Just Beyond That Far Ring of Trees

USA | Sunday, 11 May 2014 | Views [143] | Scholarship Entry

The air was frozen and still in the cabin. The morning sun crept onto my sleeping bag in shades of blue and green, fractured by the stained glass window facing east. The only sounds were halfhearted smacks from the fireplace.
When Felix had described this as a “secret cabin,” located on old mining land just outside of Frisco, Colorado, my sea-level imagination pictured a dignified hike into the woods on snowshoes. Instead, the reality of the day before had been a furious, five-hour climb up the face of Copper Mountain. Felix would dart ahead of me to clear a path, a mountain goat in mirrored shades fueled by raspberry moonshine. I followed his lead and dug the teeth of my shoes into the snow, yanking myself up five feet with every step.

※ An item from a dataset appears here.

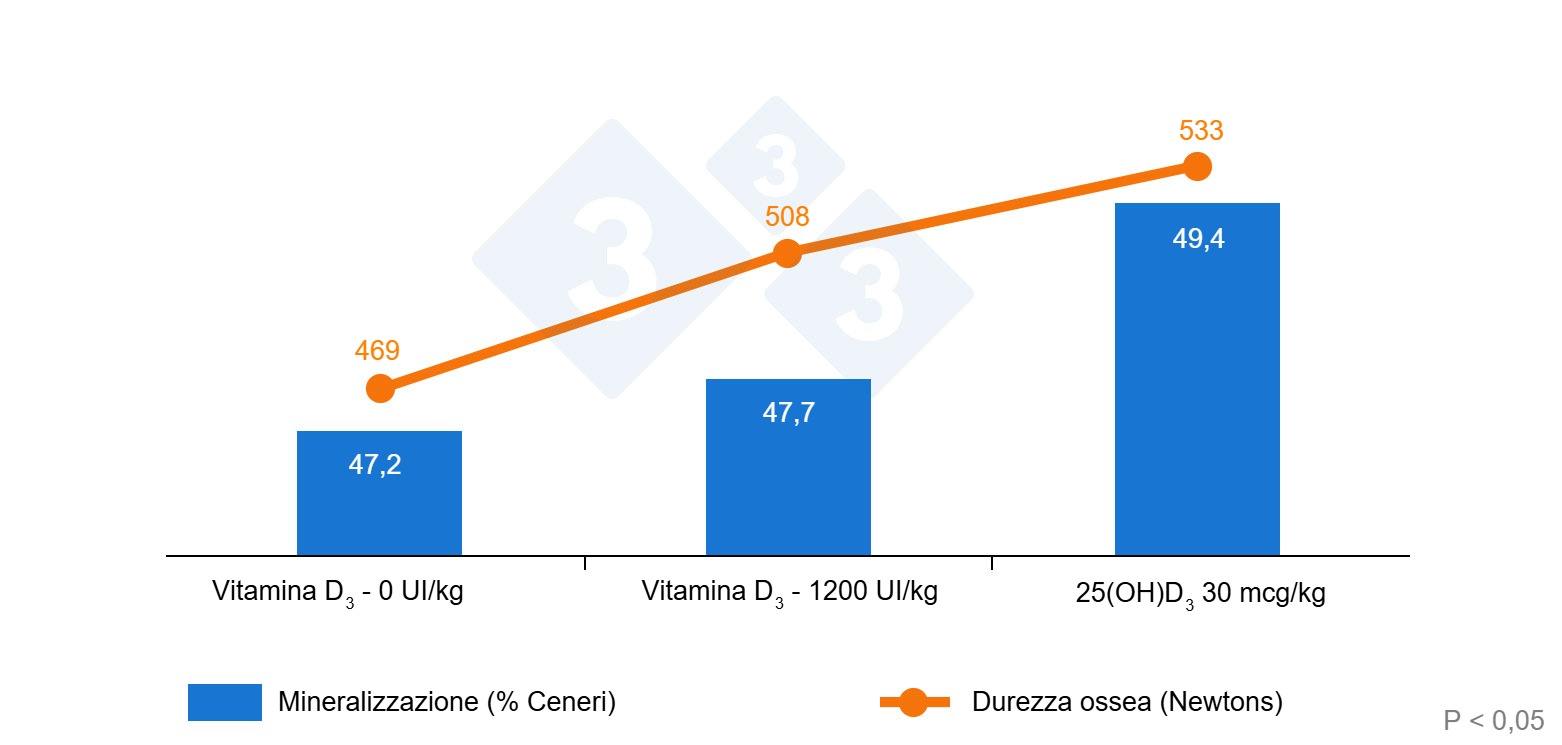 Evoluzione della qualità ossea in base alla fonte di vitamina D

By late afternoon we reached a clearing of flat powder ringed with pine trees and animal tracks. As I dropped to my knees and unsnapped my pack I could see Felix dance ahead, mingling his deep yeti-stomps with small patterns of fox and rabbit. The cabin was just beyond the far ring of trees, nestled in snow so deep that it appeared only as a strip of brown log and tinted glass between piles of white.
The cabin was stocked with a practical assortment of items left by three generations of travelers: oil lamps were lit with Bic lighters and wireless speakers lived in a Chesterfield’s tobacco can. Over the dinner I’d chosen back in town of hot dogs and beans—which was cheerfully appraised by Felix as “proper hobo food”—he filled in details about his rough upbringing in Florida, which had evolved into a tough adulthood of freight hopping, laboring on Alaskan fishing boats, and freestyle rap competitions in the Midwest.
I first met Felix ten years ago; we were partnered on the early shift at a photography lab in Chicago. Every morning we would greet the sunrise mixing chemicals into plastic trays with his hip-hop tapes echoing through the darkrooms. I hadn’t seen him since he’d begun his new life here in the mountains devoted to skiing and painting. Since we began our trek he never once gave a look of dissatisfaction or detachment, and his aura of contentment in these pines gave my city legs confidence as we danced around dangerous patches of snow softened by the sun.
I curled the sleeping bag higher around my shoulders and smelled the smoke in my hair. Felix was still asleep on the wooden floor, but I took pains not to wake him. There was no need to flood this stillness with activity—we had plenty of time to head home.